例えるならば、パン界の『イングリッシュスコーン』でしょうか?

生地そのものにも乳製品の風味や旨みはありつつ、クロテッドクリームとジャムがとても合うのがイングリッシュスコーン。
軽食にも、オヤツにもなる
単体でもトッピング有りでもイケる

そんな振り幅の広さが、スコーンとパンブリエの共通点かもしれません。

でも、福岡でパンブリエ置いてるお店って、あまり無いんですよ。なので、iruaru さんで出会えた時にはもう嬉しくて!

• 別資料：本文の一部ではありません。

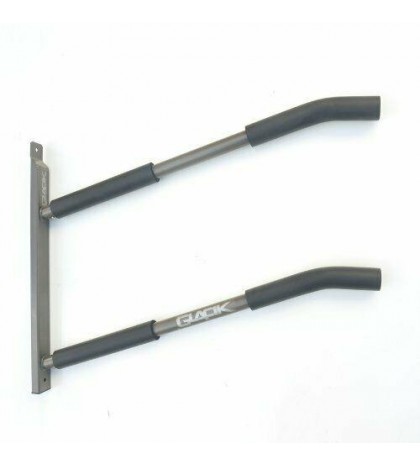 Glacik Universal Wall Mount Rack Storage with Padded Arms for SUP Paddle Boards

このパンの肝はスコーン同様『焼き戻し』にあり、それがワタシ流技。

キレイな切り込みは、飾りだけでなく、その入れ方による生地の立ち上がりに寄って、絶妙な食感を生み出してくれています。焼き戻すことで、立ち上がり部分はカリリ!と香ばしさを増す。

程よい『みっちり感』もある内生地は少しエアリーになり、ほど良きバターの配合加減のおかげで、そのバターが緩み、フワリとした食べやすさが加わる。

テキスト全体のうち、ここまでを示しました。